# I think there used to be a video thread...



## jellotor (Feb 22, 2008)

I'm pretty sure there used to be a video thread. I'm a bit too lazy to search for + resurrect it and if I were to start a new thread it'd be for video projects that members have done themselves.

To start things off...here's a video I did on what I considered to be the first day of spring. I apologise in advance...is it possible to embed Vimeo videos?

https://vimeo.com/28997015


----------



## mrjimmy (Nov 8, 2003)

jellotor said:


> I'm pretty sure there used to be a video thread. I'm a bit too lazy to search for + resurrect it and if I were to start a new thread it'd be for video projects that members have done themselves.
> 
> To start things off...here's a video I did on what I considered to be the first day of spring. I apologise in advance...is it possible to embed Vimeo videos?
> 
> https://vimeo.com/28997015


Nice feel to that.


----------



## mrjimmy (Nov 8, 2003)

Here's one of mine. Thunder Bay to Winnipeg.

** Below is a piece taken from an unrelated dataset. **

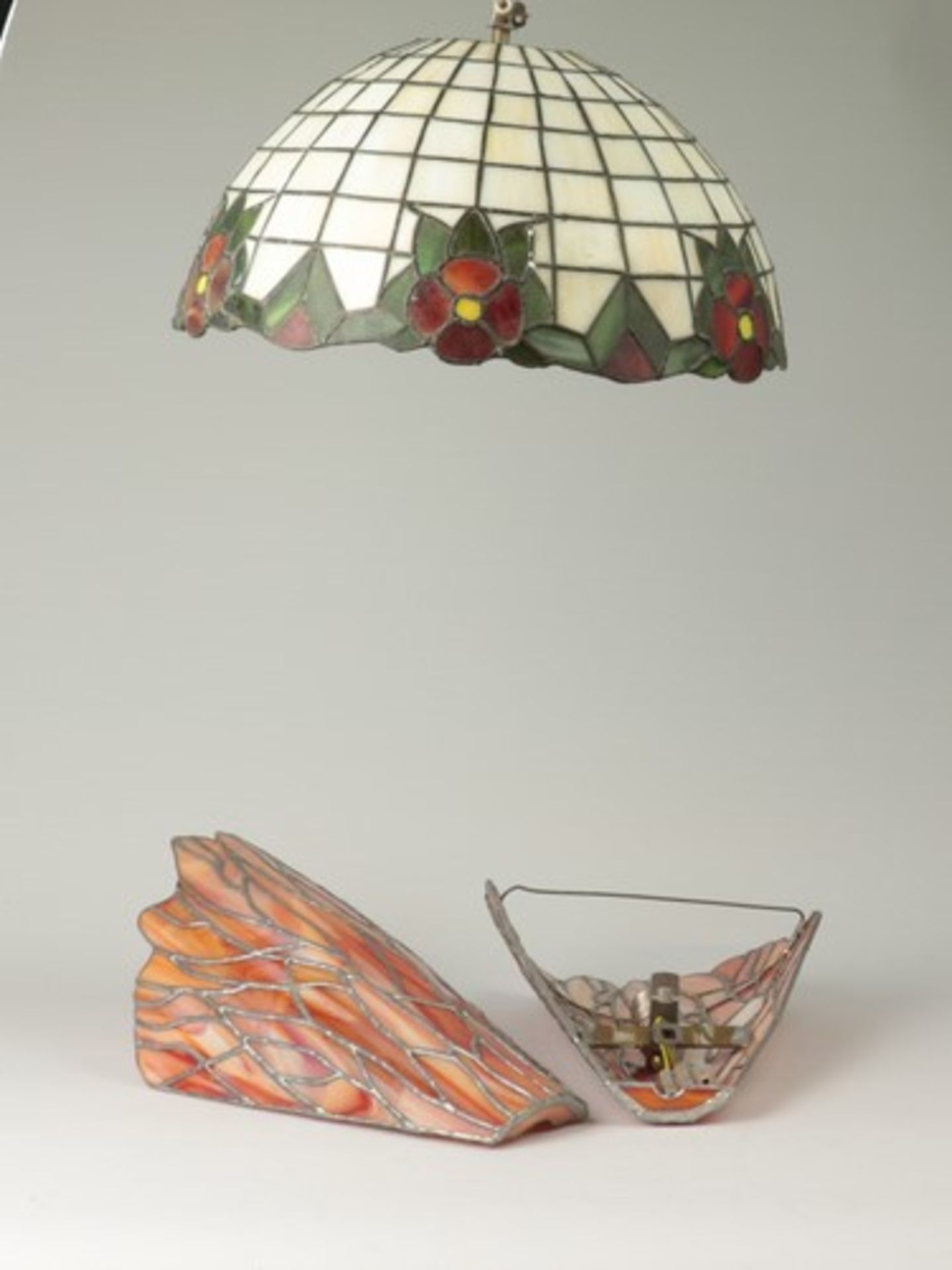 Tiffany-Stil - Lampen3 St., 1x Deckenlampe, D ca. 31cm, 2x Wandlampe, H ca. 33cm, je - Bild 3 aus 3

Shot on Super 8.





+
YouTube Video









ERROR: If you can see this, then YouTube is down or you don't have Flash installed.


----------



## Kazak (Jan 19, 2004)

Here's the original thread.


----------



## jellotor (Feb 22, 2008)

mrjimmy said:


> Here's one of mine. Thunder Bay to Winnipeg. Shot on Super 8.
> 
> 
> 
> ...


That's great work! I love how it makes me concentrate to look for images I will recognize. I have a sort of music video half edited using some visuals from my wife's grandpa's 8mm vacation films from the 50s that has a similar feel.


----------